Methods: A double-blind, randomized controlled clinical trial compared the efficacy, tolerability, and neuropsychological effects of ethosuximide, valproic acid, and lamotrigine in children with newly diagnosed CAE. Study medications were titrated to clinical response, and subjects remained in the trial unless they reached a treatment failure criterion. Maximal target doses were ethosuximide 60 mg/kg/day or 2,000 mg/day, valproic acid 60 mg/kg/day or 3,000 mg/day, and lamotrigine 12 mg/kg/day or 600 mg/day. Original primary outcome was at 16–20 weeks and included a video–electroencephalography (EEG) assessment. For this report, the main effectiveness outcome was the freedom from failure rate 12 months after randomization and included a video-EEG assessment; differential drug effects were determined by pairwise comparisons. The main cognitive outcome was the percentage of subjects experiencing attentional dysfunction at the month 12 visit.
Key Findings: A total of 453 children were enrolled and randomized; 7 were deemed ineligible and 446 subjects comprised the overall efficacy cohort. There were no demographic differences between the three cohorts.
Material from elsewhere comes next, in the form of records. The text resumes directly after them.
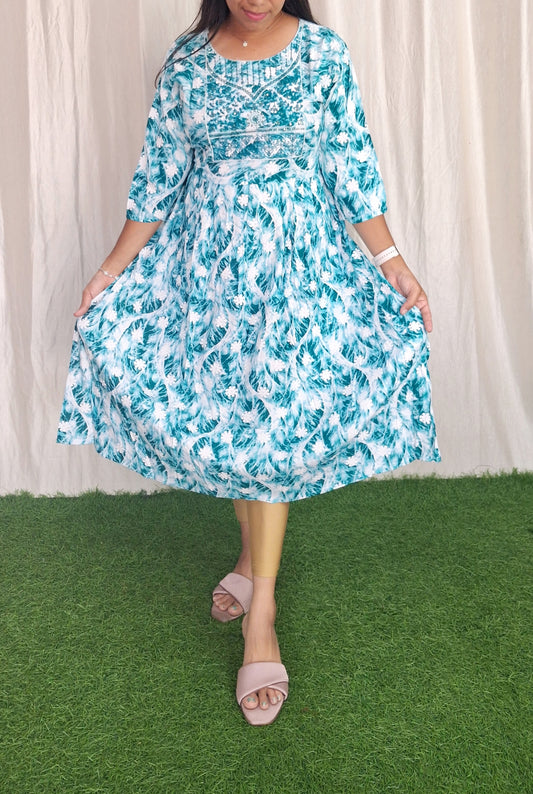 Buy 1 Get 1 Free Rayon Embroidery Kurti( Non Feeding only)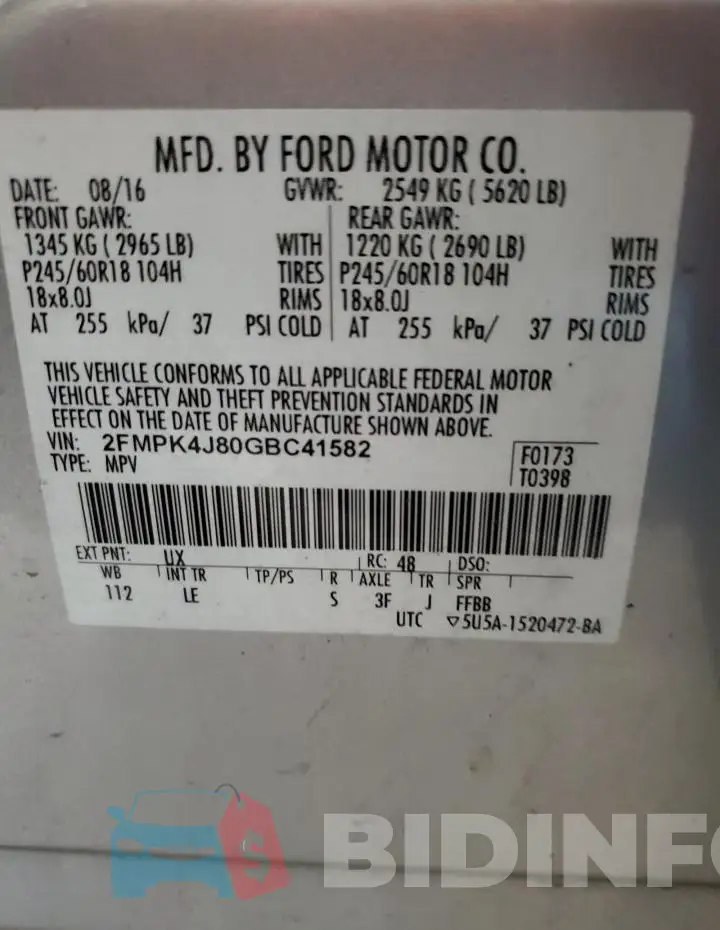 2FMPK4J80GBC41582 Photo# 12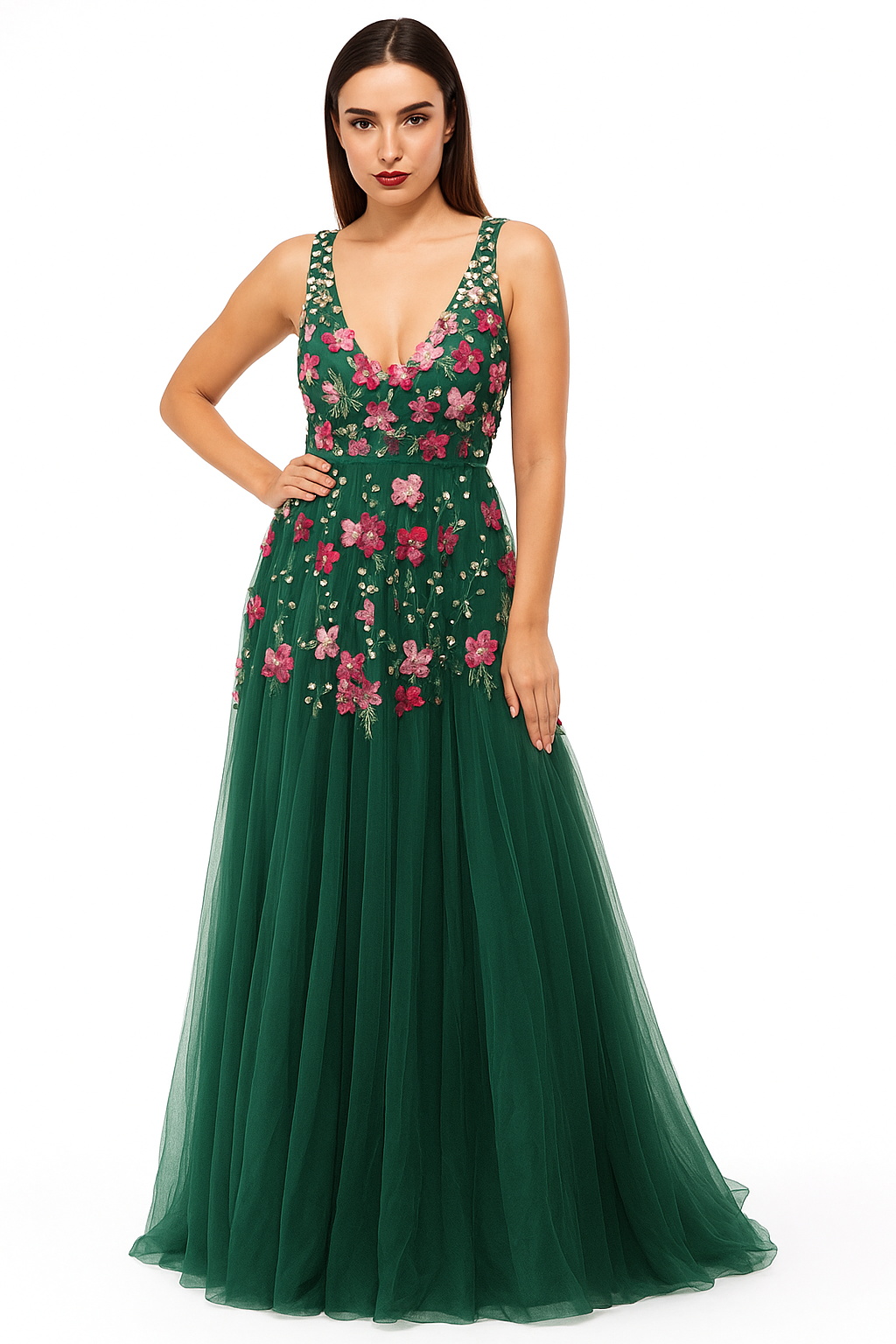 Vestido de tul con escote en V y detalles de alta costura hechos a mano CF19201111 de FG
By 12 months after starting therapy, only 37% of all enrolled subjects were free from treatment failure on their first medication. At the month 12 visit, the freedom-from-failure rates for ethosuximide and valproic acid were similar (45% and 44%, respectively; odds ratio [OR]with valproic acid vs. ethosuximide 0.94; 95% confidence interval [CI] 0.58–1.52; p = 0.82) and were higher than the rate for lamotrigine (21%; OR with ethosuximide vs. lamotrigine 3.08; 95% CI 1.81–5.33; OR with valproic acid vs. lamotrigine 2.88; 95% CI 1.68–5.02; p < 0.001 for both comparisons). The frequency of treatment failures due to lack of seizure control (p < 0.001) and intolerable adverse events (p < 0.037) was significantly different among the treatment groups. Almost two thirds of the 125 subjects with treatment failure due to lack of seizure control were in the lamotrigine cohort. The largest subgroup (42%) of the 115 subjects discontinuing due to adverse events was in the valproic acid group. The previously reported higher rate of attentional dysfunction seen at 16–20 weeks in the valproic acid group compared with the ethosuximide or lamotrigine groups persisted at 12 months (p < 0.01).
Significance: As initial monotherapy, the superior effectiveness of ethosuximide and valproic acid compared to lamotrigine in controlling seizures without intolerable adverse events noted at 16–20 weeks persisted at 12 months. The valproic acid cohort experienced a higher rate of adverse events leading to drug discontinuation as well as significant negative effects on attentional measures that were not seen in the ethosuximide cohort. These 12-month outcome data coupled with the study’s prespecified decision-making algorithm indicate that ethosuximide is the optimal initial empirical monotherapy for CAE. This is the first randomized controlled trial meeting International League Against Epilepsy (ILAE) criteria for class I evidence for CAE (or for any type of generalized seizure in adults or children). (NCT00088452.)

Download full-text


Available from: Avital Cnaan, Nov 27, 2014
  • Source
    • "Studies focusing on early pre-ictal sources have demonstrated that spike and wave discharges (SWDs) do not suddenly increase but gradually build up over a dynamic network and are preceded by low-frequency occipital and frontal sources (Gupta et al., 2011). Children with CAE commonly present with psychological problems, even if their seizures are controlled (Cerminara et al., 2013; Glauser et al., 2013). "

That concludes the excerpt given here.